Always frightened by the loss of power, Museveni had in 2003 admitted in a letter published by the Monitor that he and his family always go abroad for treatment as part of “our survival strategy in still hostile circumstances.”
With such paranoia, Museveni has hardly allowed alternative leaders to emerge within the National Resistance Movement, and the only alternative is Muhoozi.
Even after his death in 1997, Zaire’s Mobutu Sese Seko has always been an African poster boy on wealth, power, and mismanagement of today’s Democratic Republic of Congo.
During his three decades of autocratic rule, Mobutu never dreamt of leaving power and kept a vast fortune estimated at $4 billion. Mobutu not only plundered the treasury but even when he was ailing and with a challenge from rebels, he only escaped the country when the entire country was overrun.

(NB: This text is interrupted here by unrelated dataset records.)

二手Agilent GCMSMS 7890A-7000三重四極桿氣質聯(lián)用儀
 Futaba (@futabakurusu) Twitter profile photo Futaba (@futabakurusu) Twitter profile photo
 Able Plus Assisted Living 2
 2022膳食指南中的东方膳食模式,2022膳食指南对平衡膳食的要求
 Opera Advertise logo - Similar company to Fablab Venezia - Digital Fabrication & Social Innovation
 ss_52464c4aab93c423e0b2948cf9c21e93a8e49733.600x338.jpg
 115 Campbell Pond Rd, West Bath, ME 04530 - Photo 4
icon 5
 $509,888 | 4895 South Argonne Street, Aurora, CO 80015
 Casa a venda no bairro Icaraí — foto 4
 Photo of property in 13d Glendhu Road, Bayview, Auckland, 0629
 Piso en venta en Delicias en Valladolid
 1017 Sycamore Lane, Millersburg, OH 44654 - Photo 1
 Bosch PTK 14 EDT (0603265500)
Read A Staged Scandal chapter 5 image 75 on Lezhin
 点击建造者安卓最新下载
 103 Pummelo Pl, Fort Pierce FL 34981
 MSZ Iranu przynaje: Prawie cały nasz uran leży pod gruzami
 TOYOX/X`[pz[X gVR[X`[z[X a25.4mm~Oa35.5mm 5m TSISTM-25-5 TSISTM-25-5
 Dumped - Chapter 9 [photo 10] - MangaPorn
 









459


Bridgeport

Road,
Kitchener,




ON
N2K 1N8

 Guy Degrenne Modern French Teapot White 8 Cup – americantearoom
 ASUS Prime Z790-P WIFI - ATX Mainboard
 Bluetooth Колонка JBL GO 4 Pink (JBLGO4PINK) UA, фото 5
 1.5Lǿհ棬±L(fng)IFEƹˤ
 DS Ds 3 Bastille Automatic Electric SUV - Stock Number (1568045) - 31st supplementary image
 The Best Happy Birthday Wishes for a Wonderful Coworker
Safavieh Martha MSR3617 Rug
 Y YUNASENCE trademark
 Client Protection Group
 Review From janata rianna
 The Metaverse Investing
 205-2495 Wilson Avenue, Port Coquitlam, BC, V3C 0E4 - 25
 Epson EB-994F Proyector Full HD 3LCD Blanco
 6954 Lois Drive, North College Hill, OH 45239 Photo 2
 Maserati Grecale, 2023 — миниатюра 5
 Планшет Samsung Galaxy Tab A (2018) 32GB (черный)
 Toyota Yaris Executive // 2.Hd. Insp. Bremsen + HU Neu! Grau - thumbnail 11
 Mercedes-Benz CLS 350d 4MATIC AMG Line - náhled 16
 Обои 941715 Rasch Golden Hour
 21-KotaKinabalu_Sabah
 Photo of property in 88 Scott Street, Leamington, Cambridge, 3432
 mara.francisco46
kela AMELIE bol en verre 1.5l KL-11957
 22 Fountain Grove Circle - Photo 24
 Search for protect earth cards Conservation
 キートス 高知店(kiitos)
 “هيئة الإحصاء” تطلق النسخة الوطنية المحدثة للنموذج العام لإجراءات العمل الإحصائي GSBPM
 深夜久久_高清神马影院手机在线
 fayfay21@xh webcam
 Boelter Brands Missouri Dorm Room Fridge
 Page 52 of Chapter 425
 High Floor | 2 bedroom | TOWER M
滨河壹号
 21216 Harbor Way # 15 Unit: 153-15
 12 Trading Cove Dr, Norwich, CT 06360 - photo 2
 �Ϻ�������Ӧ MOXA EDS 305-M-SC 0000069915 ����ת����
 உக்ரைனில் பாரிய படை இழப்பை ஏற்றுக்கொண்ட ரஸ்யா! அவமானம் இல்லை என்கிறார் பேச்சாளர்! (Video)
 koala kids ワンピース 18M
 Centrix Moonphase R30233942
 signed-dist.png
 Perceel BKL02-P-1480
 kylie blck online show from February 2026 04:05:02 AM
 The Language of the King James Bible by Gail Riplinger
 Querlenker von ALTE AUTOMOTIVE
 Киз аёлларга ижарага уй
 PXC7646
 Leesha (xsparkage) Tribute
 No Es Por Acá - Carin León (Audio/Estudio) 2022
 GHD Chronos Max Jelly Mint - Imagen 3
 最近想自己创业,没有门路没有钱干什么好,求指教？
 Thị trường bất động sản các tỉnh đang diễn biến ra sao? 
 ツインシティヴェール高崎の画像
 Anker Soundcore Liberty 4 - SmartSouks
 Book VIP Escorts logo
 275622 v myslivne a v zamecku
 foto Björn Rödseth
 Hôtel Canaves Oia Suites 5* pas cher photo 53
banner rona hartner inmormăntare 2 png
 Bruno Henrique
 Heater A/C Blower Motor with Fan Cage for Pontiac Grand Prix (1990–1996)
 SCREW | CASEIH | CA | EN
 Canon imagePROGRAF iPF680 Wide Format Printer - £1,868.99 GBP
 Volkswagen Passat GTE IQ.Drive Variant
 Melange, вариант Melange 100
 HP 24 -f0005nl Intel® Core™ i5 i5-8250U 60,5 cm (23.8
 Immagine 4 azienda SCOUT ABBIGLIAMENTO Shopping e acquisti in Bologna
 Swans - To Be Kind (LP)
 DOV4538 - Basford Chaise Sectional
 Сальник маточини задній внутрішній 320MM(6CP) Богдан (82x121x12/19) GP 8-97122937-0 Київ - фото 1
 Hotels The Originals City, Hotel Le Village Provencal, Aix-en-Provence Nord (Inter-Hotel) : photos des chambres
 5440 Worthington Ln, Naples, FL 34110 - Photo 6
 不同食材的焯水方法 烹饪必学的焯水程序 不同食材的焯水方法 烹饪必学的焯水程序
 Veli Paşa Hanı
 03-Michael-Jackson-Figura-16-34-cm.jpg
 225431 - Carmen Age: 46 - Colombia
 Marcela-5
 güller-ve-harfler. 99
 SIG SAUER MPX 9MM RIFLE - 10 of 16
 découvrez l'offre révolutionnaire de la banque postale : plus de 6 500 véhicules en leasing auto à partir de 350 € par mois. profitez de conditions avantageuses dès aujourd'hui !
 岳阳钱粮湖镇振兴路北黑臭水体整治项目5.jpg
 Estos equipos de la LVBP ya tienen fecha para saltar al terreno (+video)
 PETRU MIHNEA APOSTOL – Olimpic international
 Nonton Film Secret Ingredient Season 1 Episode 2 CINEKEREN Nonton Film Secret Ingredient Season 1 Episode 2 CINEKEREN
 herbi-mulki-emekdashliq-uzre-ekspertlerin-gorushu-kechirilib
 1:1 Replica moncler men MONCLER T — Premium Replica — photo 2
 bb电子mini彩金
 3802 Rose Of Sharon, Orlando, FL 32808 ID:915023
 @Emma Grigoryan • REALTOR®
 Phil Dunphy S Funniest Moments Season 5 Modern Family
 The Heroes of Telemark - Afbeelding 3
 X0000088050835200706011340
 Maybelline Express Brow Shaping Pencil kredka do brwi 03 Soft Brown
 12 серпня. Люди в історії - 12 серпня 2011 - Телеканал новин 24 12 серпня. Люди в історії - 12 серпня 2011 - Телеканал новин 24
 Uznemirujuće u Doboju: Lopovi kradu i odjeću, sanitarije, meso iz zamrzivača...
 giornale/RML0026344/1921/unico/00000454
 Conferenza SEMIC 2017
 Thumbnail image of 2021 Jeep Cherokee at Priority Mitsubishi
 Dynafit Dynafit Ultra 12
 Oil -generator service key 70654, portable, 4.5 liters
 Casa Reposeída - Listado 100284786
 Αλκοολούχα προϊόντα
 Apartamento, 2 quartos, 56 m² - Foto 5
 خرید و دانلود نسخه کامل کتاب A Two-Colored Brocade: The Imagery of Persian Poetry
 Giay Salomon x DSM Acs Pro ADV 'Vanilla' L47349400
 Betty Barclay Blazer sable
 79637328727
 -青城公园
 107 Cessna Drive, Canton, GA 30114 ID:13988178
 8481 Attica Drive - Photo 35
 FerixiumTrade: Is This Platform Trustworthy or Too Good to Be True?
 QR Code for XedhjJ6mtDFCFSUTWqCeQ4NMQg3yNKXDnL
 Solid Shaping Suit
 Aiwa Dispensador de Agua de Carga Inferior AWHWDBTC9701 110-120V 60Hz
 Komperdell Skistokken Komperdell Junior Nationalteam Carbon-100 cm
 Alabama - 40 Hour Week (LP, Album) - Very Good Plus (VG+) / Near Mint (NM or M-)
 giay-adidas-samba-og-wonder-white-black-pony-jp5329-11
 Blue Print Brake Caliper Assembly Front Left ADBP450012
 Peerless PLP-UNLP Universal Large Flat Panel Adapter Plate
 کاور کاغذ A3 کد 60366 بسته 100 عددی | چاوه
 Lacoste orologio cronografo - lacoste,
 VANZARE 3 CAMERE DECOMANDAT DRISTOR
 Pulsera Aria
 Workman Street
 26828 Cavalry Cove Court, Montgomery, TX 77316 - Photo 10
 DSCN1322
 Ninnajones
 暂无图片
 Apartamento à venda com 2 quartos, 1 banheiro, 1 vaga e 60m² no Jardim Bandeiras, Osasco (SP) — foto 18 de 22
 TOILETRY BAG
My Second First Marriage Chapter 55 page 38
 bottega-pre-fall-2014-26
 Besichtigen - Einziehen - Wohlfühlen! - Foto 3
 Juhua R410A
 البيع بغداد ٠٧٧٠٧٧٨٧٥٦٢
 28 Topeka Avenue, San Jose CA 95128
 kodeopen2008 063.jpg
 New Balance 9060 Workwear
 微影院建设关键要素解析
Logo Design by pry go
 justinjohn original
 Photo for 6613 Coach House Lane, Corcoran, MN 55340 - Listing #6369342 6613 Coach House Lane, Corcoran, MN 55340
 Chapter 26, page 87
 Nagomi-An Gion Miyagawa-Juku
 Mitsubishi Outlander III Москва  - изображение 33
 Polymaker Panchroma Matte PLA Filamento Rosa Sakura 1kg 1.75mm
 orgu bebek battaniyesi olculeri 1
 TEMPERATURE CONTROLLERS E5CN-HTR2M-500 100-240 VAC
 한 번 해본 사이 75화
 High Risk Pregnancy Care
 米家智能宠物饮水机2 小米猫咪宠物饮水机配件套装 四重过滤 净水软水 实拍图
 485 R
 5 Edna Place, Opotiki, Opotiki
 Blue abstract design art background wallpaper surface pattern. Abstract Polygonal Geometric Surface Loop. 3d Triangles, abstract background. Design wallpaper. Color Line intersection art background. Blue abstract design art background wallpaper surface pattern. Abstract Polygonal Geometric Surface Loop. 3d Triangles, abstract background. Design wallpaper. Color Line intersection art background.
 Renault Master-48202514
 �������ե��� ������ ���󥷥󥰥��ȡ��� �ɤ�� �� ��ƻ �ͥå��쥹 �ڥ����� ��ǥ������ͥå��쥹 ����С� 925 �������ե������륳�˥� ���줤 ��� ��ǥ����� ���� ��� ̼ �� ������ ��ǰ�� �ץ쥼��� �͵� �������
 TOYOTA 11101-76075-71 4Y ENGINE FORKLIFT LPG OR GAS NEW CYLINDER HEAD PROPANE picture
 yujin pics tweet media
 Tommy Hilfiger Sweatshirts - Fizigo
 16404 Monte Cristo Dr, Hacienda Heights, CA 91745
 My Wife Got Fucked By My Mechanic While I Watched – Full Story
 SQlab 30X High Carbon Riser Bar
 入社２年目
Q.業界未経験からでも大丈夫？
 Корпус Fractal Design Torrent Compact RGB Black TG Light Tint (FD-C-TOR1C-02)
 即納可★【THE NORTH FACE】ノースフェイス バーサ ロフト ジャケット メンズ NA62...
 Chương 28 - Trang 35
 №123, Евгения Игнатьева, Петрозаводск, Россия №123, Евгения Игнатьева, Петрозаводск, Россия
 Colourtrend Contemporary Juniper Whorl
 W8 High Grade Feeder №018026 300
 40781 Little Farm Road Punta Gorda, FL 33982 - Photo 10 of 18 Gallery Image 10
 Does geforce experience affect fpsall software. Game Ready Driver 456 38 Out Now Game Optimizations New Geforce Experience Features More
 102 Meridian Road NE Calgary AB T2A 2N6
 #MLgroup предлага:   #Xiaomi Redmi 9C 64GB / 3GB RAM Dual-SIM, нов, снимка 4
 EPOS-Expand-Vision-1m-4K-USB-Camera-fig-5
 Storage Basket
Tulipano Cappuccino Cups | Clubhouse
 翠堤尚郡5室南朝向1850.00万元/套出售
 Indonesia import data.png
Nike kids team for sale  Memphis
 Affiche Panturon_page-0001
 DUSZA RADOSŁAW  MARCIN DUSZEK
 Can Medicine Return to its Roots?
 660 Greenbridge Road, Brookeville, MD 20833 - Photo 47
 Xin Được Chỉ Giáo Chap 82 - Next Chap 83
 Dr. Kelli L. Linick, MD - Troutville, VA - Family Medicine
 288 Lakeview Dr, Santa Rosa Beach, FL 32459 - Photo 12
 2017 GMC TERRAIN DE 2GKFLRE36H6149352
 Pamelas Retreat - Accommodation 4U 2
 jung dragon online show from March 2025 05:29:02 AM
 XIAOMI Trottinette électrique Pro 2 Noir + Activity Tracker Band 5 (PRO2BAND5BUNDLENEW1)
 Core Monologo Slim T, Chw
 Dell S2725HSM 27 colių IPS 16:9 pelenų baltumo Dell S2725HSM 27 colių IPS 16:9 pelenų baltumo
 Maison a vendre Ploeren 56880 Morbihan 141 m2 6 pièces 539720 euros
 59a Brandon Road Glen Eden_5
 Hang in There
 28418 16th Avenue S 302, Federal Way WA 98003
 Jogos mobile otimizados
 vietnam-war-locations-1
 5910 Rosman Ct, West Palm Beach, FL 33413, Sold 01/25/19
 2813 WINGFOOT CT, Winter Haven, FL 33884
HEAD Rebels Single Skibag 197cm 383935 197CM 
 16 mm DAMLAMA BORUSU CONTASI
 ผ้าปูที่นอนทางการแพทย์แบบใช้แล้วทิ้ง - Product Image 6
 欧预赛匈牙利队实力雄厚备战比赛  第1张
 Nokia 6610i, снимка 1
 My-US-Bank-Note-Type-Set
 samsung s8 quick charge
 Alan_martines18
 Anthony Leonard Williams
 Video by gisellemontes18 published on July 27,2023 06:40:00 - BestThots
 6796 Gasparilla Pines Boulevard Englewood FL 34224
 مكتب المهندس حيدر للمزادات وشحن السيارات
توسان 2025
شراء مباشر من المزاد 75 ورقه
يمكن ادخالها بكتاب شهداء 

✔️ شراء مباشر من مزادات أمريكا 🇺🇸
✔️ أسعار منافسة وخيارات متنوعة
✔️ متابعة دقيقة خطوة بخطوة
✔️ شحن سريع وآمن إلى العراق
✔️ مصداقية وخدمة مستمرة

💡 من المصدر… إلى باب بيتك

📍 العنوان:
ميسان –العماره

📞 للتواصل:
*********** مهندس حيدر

His wealth came from mining kickbacks and channeling of money from the country’s coffers to his personal bank accounts.
Once backed by the CIA, he is known to have quipped: “I owe Zaire nothing, It’s Zaire that owes me everything”. He owned properties in Switzerland and Paris and had built a city for himself in his Gbadolite village with an international airport.
From Gbadolite airport, he boarded his last flight out of Zaire, first to Morocco and then to his French Riviera palatial home.
In Rwanda, Paul Kagame has established himself as a powerful figure and isn’t in a hurry to leave. In power since 2000, Kagame had previously been the most powerful force in Rwanda, having led the rebel army that stopped the Rwandese genocide.
In a country where political opposition is muted, Kagame has no challenger, and his focus is on the development of the Rwandan nation without the Hutu and Tutsi identities. But while doing so, he has also made it hard for any other politician to emerge.
In Eritrea, Isaias Afeworki has been in power since May 1993, and he joins the league of freedom fighters who cling to power.
A veteran of Eritrean war, Afeworki has been accused by a UN panel of human rights abuse. He does not allow multi-party democracy to thrive and his People’s Front for Democracy and Justice, is the sole political party.